Troubleshooting
is part art and part science. This section presents one possible method
to troubleshoot issues, but it is not necessarily the only approach you
can take. The goal of troubleshooting is to quickly resolve the issue
and find the root cause whenever possible. A feedback loop should be in
place for making changes to the environment or processes and prevent
the issue from happening again. Figure 1 outlines the troubleshooting process.
1. Define the Scope
It sounds obvious, but
defining the scope is a critical step in the troubleshooting process.
Without clearly scoping and defining the problem, it's easy to get
sidetracked or not have everybody working to solve the same problem.
Verifying and recording as much information about the problem as
possible is very important. You must also record the initial state of
the environment before changes take place and that information is lost
forever.
2. Collect the Data
This step involves
collecting data from sources such as event logs, log files, and
performance information. If possible, record the steps to reproduce the
problem. Sometimes it helps to capture data from ancillary servers. For
example, when troubleshooting performance issues with Exchange, you can
get a complete picture by coordinating data captured from a client and
server at the same time. On both the client and server use perfmon,
network tracing, memory dumps, and other tools, and record the exact
time that the issue occurs. This way you can look at the problem from
several different sources to get a complete picture.
3. Correlate the Data
With the problem statement and
the collected data, make a list of potential causes for the problem. It
is also important in this step to pay attention to the problem details
and error codes.
One helpful tool with this step is a dependency map. An example of a dependency map is shown in Figure 2.
From the high-level example in Figure 3, you can pull out an element and create a dependency map for it. For example, Figure 17-5
expands the Exchange service by specifically creating a map for the
Exchange Mailbox role. It is possible to continue this process and pick
another element, such as direct attached storage, and create a
dependency map for it.
Creating these dependency maps helps quickly determine dependencies and can help focus the areas to troubleshoot.
4. Rank the Causes
The next step is to make a
list of the possible causes, adding additional emphasis on
characteristics such as ease of implementation of solution, probability
of cause, risk, and so on. This step will help focus on the most
likely, easiest, or lowest-risk test solutions.
5. Work the Solutions
When it's time to work the
solutions, start with whichever solution ranked highest from the
previous step.
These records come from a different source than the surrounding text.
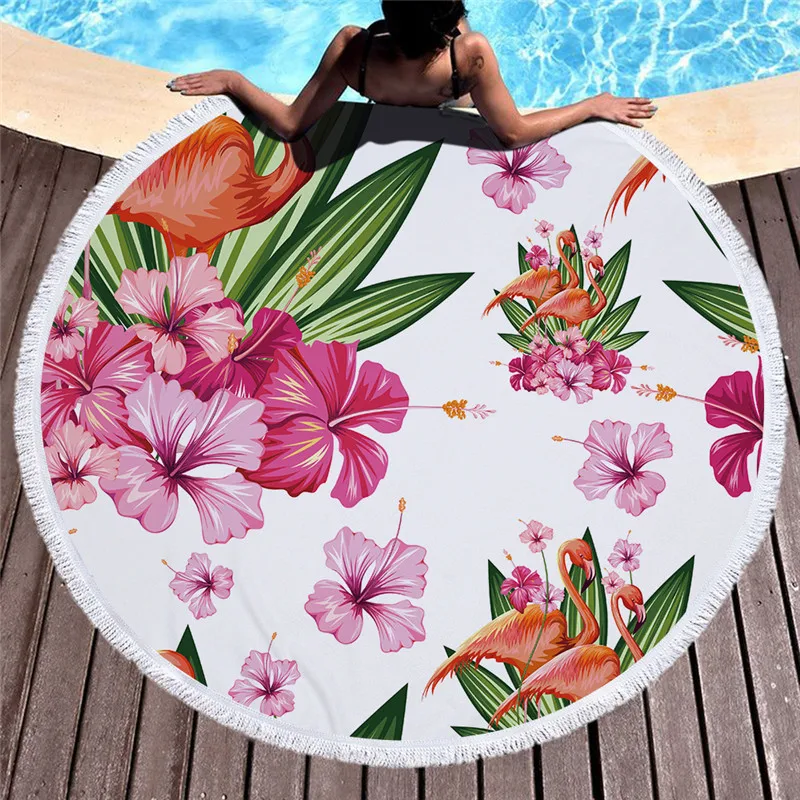 Круглое Большое пляжное полотенце из микрофибры с принтом цветов птиц и листьев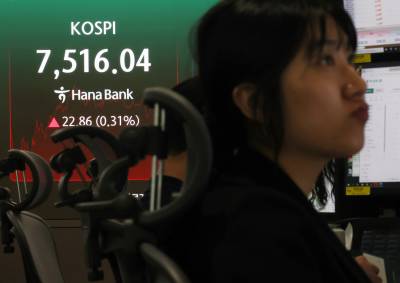 '전약후강' 코스피, 7500선 상승 마감했지만...외국인 '매도' 지속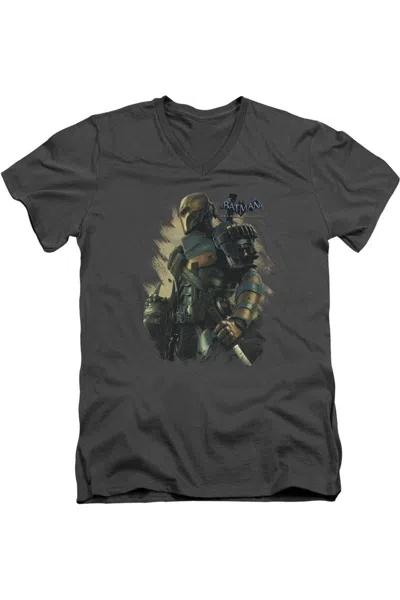 Gildan Batman Arkham Origins Deathstroke Short Sleeve Adult V Neck Tee / T-shirt In Pink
Be careful not to make multiple changes at once, and
record the changes made and any observations on the change's impact.
Continue working the solutions until the problem is resolved.
6. Return to Operating State
It is important to undo any
changes made while troubleshooting from the previous step. Logging,
tracing, and other tools may have an impact on server performance, so
removing any unnecessary settings is important.
7. Feedback Loop
Document the root cause and
any details learned from troubleshooting and resolving the issue. If
the problem resurfaces in the future, it's possible that a different
group of people may be troubleshooting the issue. Good documentation
preserves institutional knowledge that would be otherwise lost.